Katharina Sieverding was born in Prague, and first studied at the Hochschule für bildende Künste Hamburg, from 1963 to 1964, after which she worked with Teo Otto at the State Academy of Arts Düsseldorf, until 1967. In the following years, Sieverding worked with Joseph Beuys (until 1971) and then with Ole John (until 1974). In the course of the years from 1972 to 1988, she visited the United States, the People’s Republic of China, as well as the Soviet Union for studying purposes. During those years, she also joined the Whitney Museum of American Art, New York, for an independent study program (in 1976), the Graduate Faculty of Political and Social Science at the New School for Social Research, New York (in 1977), while giving various lectures and performances as well as conducting several installations in the US and Canada (including in Toronto, Montreal, Minneapolis, Los Angeles, San Francisco). From 1990 to 1992, Sieverding lectured at the Hochschule für bildende Künste Hamburg as a guest professor and, from 1992 to 2010, as a senior professor at the Universität der Künste Berlin. Her professional work abroad included, from 1995 to 2013, the International Summer Academy of Fine Arts Salzburg; from 1995 to 1999, teaching at the Center for Contemporary Art Kitakyushu, Japan; as well as lecturing at the Atlanta College of Art(in 2001), at the Washington University Saint Louis (in 2002), at the China Art Academy, Hangzhou, Shanghai (2002 to 2003), at the Academy of Performing Arts Prague (in 2005), at the Harvard Art Museums, Cambridge, Massachusetts (in 2012), but also in Germany (Berlin, Kiel, Potsdam-Babelsberg, among others), most recently, as part of a lecture series at the Academy of Fine Arts Münster. Moreover, Professor Sieverding served as a member of the university council of the Academy of Fine Arts Vienna, from 2008 to 2013.

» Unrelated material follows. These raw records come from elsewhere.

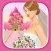 A Princess Castle Wedding Fantasy Dash FREE - The Magic Kingdom Story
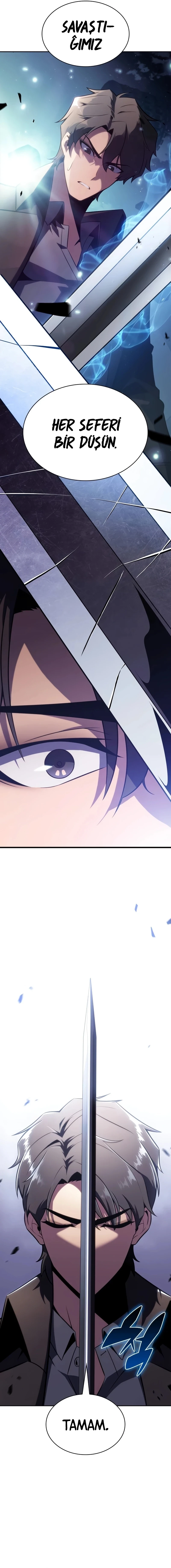 Bölüm 149 - Sayfa 12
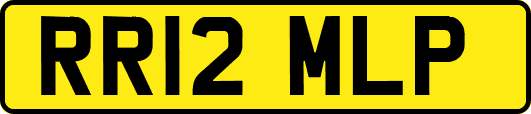 RR12MLP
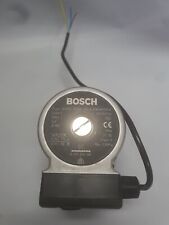 Bosch grundfos 8717204264 gebraucht kaufen  Schwalmtal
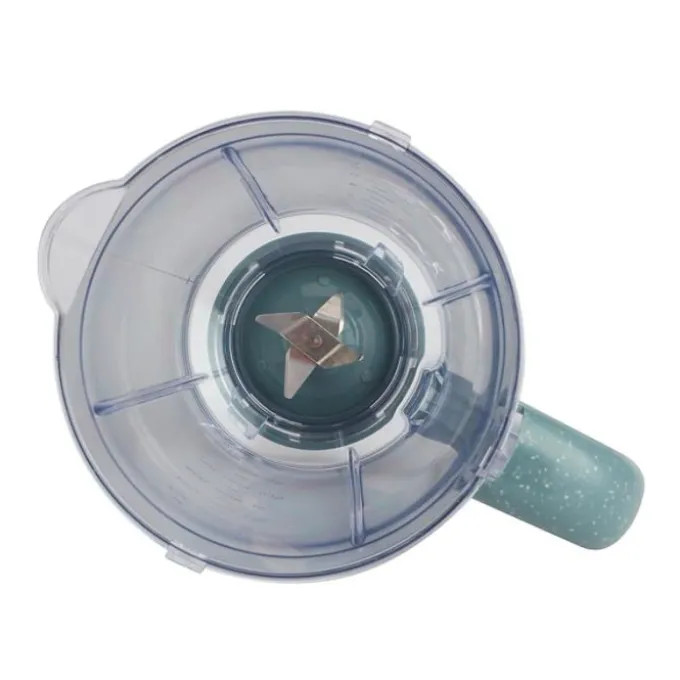 Blender HIGH ONE HO-BLECO 500W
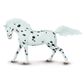 Safari Ltd Knabstrupper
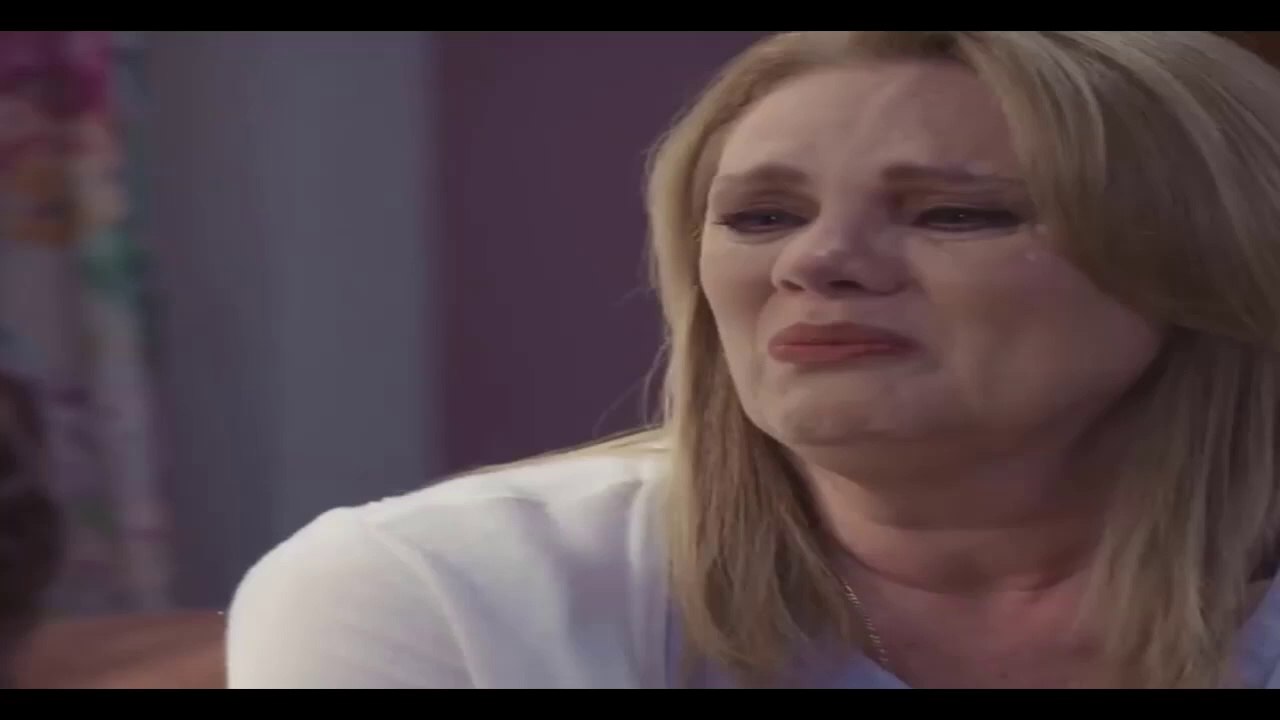 F.u.g.i.t.i.v.a.s - Capitulo 76
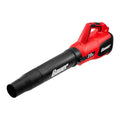 20V Cordless Jet Fan Blower U606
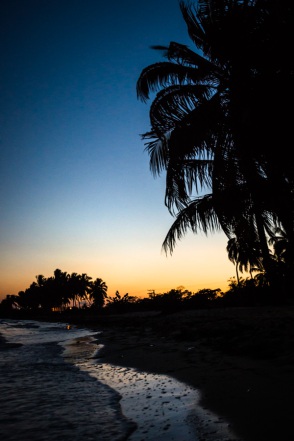 blog_kuba_20160331_190350 blog_kuba_20160331_190350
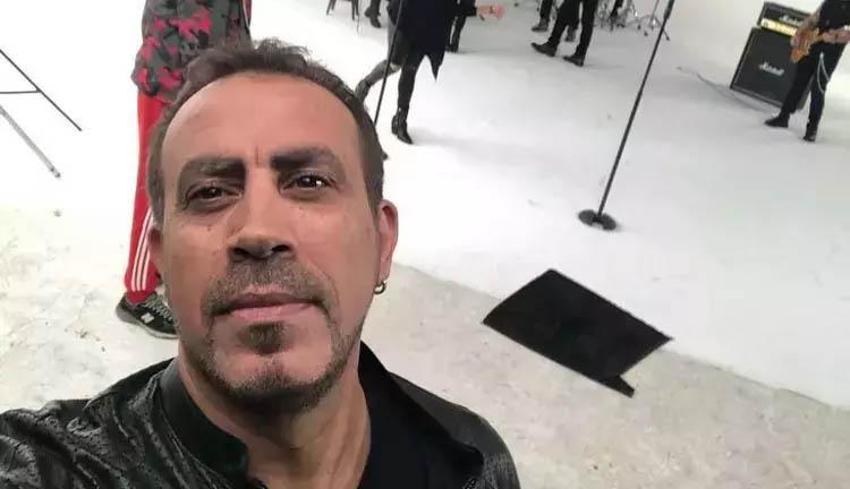 Haluk Levent ve Hasan Can Kaya sözünü tuttu! Çadırda kalan şehit ailesine ev aldı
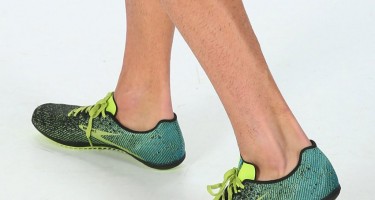 Brooks mach new arrivals 13 silver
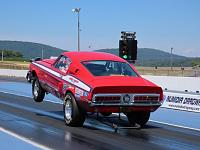 Click image for larger version

Name:	ccrrs_ (38).JPG
Views:	74
Size:	39.7 KB
ID:	63976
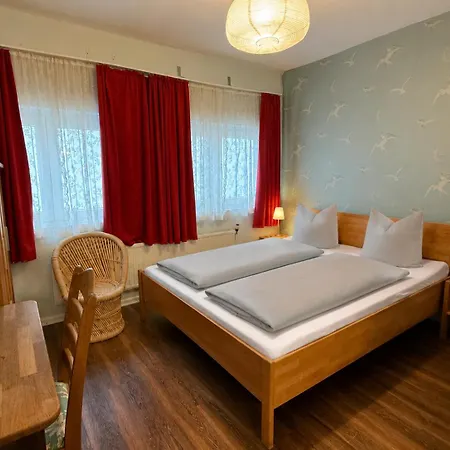 Dana Living Apartment Bremen HBF - Zentrum, Altstadt, Messe, ÖVB Arena, Business Apartment mit Self Check-in-3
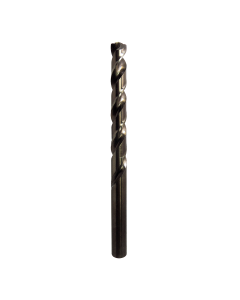 BROCA HINOX 7/32" INDIVIDUAL
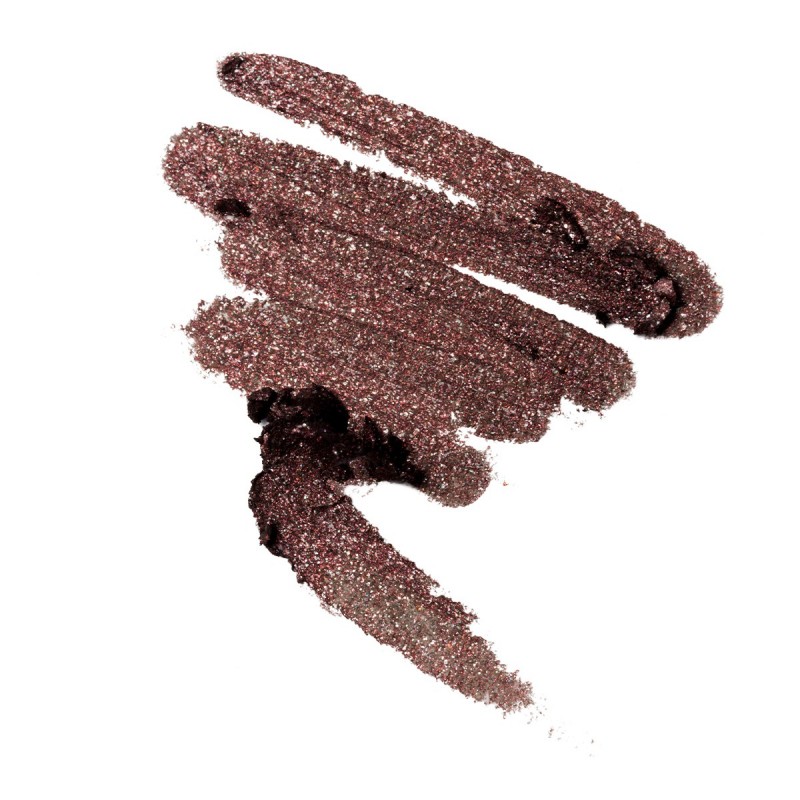 MON REVE INFINILINER EYES WATERPROOF N.07 PLUM BROWN
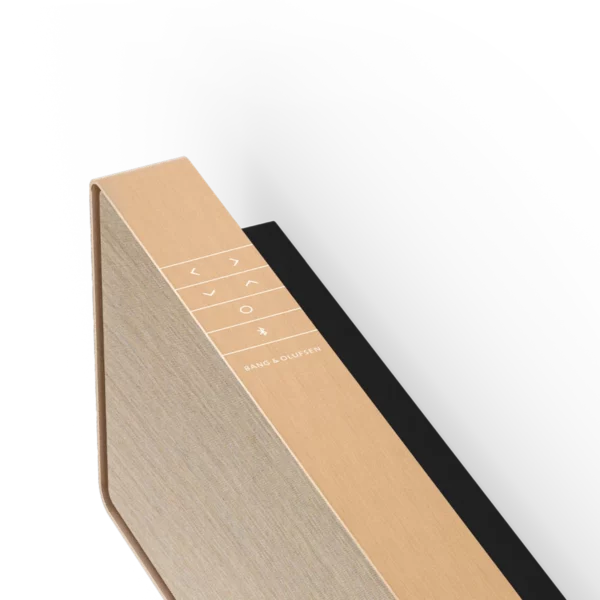 Bang and Olufsen BEOSOUND STAGE GOLD - Sera Casdim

From 1965 onward, Sieverding has been partaking at myriad international exhibitions, including the following: the Biennale de Paris, Musée d’Art Moderne (in 1965, 1973), the documenta in Kassel (in 1972, 1976, 1982), the Biennale di Venezia (in 1980, 1995, 1997, 1999); most recently, at the Wack!-series in Los Angeles, Washington DC (in 2007), and New York, Vancouver (in 2008) as well as at the Glam!-series in Liverpool, Frankfurt a.M., Linz (in 2013).
Photo: © Klaus Mettig
Christina Végh, born in Zurich in 1970, has been the director of the Bonner Kunstverein since 2005. Végh studied art history, ethnology and philosophy at the University of Zurich and Santa Cruz (California), after which she worked as curator at the Kunsthalle Basel, from 2000 to 2004. She has worked with artists such as Ed Atkins, John Baldessari, Ryan Gander, Charline von Heyl, Gregor Schneider, and Brian Jungen. Her experimental art education program Kunst-Stück received an award from the state of North Rhine-Westphalia (2009); for her achievements she received the Swiss Art Award from the Swiss Federal Office for Culture (2010).

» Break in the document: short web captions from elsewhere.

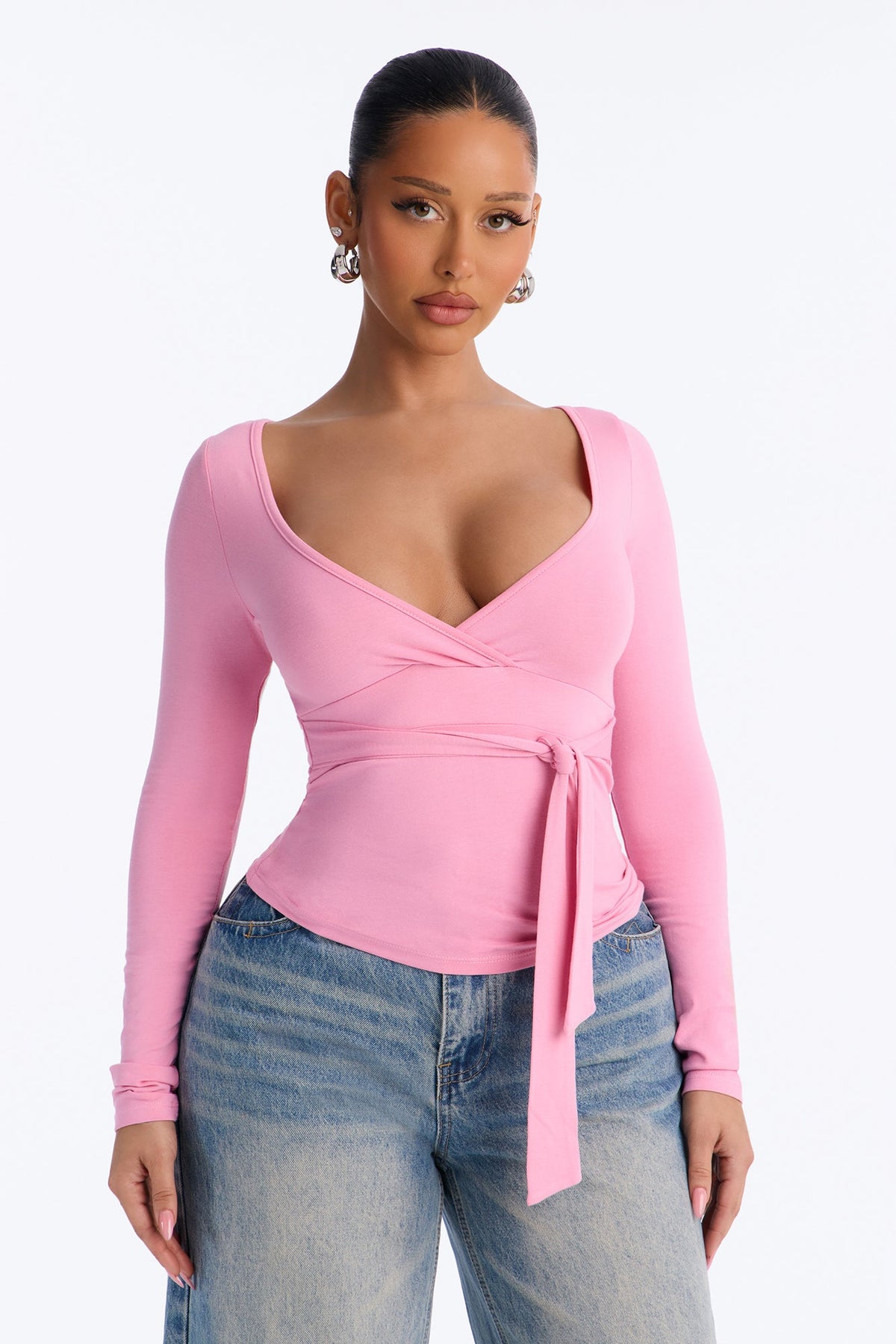 https://cdn.shopify.com/s/files/1/0293/9277/files/JT58021L_LightPink_JR_V1.jpg?v=1787157827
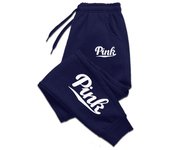 Sports Pants for Men Casual Hot Sales Sweatpants Outdoors Jogging Fashion the Four Seasons Daily Versatile Men's Clothing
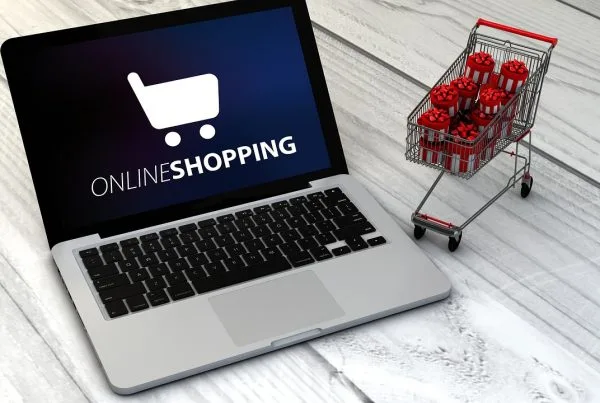 prestashop vs shopify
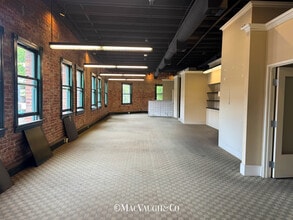 35-45 N Arroyo Pky, Pasadena, CA for lease Interior Photo- Image 2 of 10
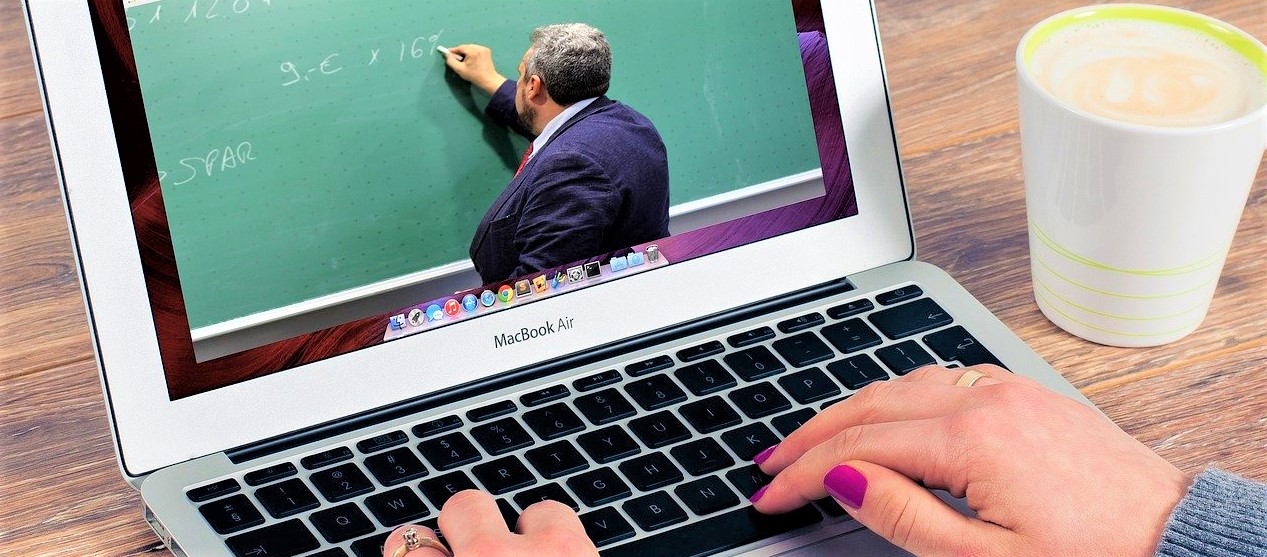 Deneme Odanızda Kazanma Stratejileri: Püf Noktaları ve İpuçları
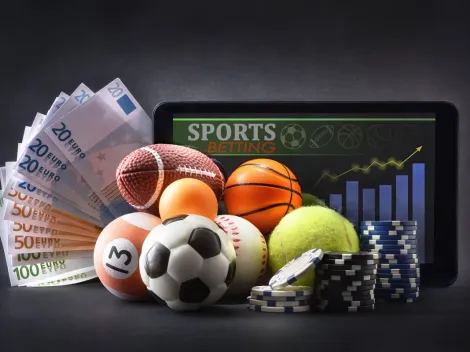 EstadioGana México: llega una nueva opción en casino y apuestas deportivas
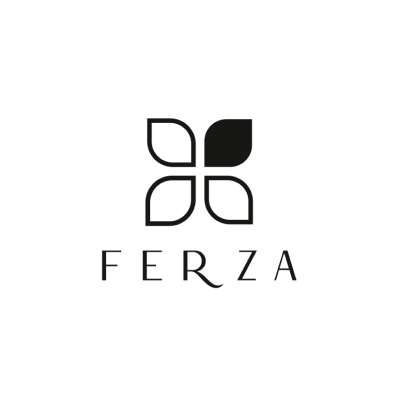 Ferza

Anna-Lena Werner is an art historian and studied at Freie Universität Berlin and at Chelsea College of Art and Design in London. She works as an art writer, curator and currently writes her PhD with a thesis on trauma and multi-media art at Freie Universität Berlin. Her research is funded by the Studienstiftung des Deutschen Volkes. Since 2010 she runs the artblog artfridge.de.